Sebagai sebuah lembaga pengawasan terhadap semua institusi penyelenggara pelayanan publik yang pembiayaannya menggunakan keuangan negara, maka dapat dimengerti jika tugas dan kewenangan Ombudsman mencakup luasan yang sangat besar, baik dari sisi kawasan kewilayahan, jumlah penduduk, jumlah institusi dan pelaksana pelayanan publik, maupun kerumitan persoalan yang dihadapi. Kondisi faktual rakyat Indonesia dengan pluralistiknya yang sangat beragam dari berbagai segi, seperti dalam hal suku, bahasa, adat-istiadat, agama, dan pandangan politik, menjadikan upaya pemenuhan pelayanan publik yang disediakan oleh penyelenggara negara menjadi lebih sulit dibandingkan dengan negara lain yang relatif rakyatnya homogen.

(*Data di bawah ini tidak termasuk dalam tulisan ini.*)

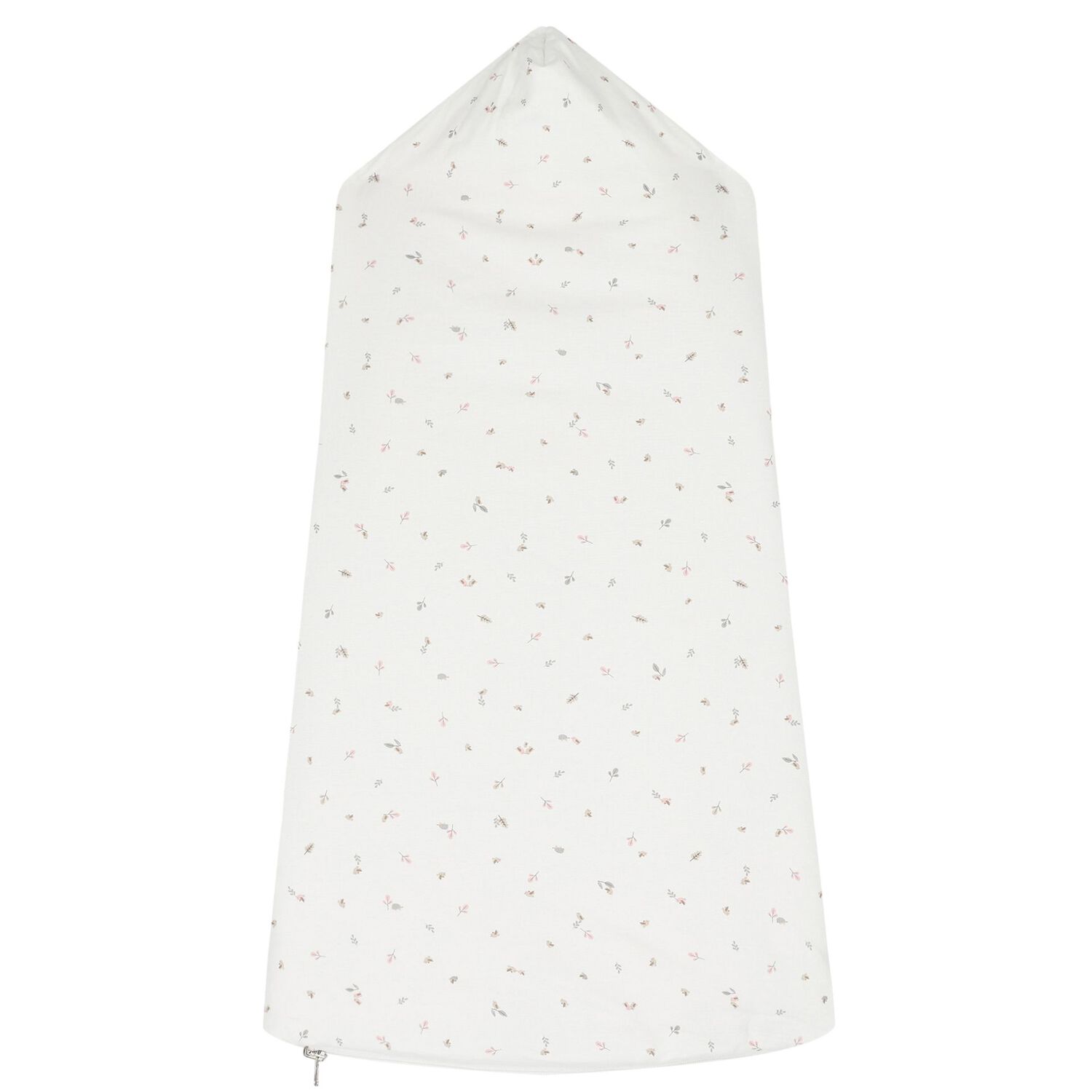 مدس بنات هودي قابلة للعكس باللون العاجي و الوردي, 1, hi-res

Hal itu berkonsekwensi kepada tanggung jawab Ombudsman yang cukup berat dengan kompleksitas yang tinggi dan beragam. Kompleksitas ini disadari atau tidak akan ditambah lagi oleh situasi global yang menyediakan ruang bagi masuknya segala informasi dan interaksi dari masyarakat dunia ke dalam bangsa Indonesia. Situasi global itu akan memaksa penyelenggara pelayanan publik untuk menyesuaikan jenis dan standar pelayanan dengan tuntutan warga negara dan penduduk yang bergerak begitu cepat dari masyarakat tradisional kepada masyarakat dunia yang makin moderen dan kompleks.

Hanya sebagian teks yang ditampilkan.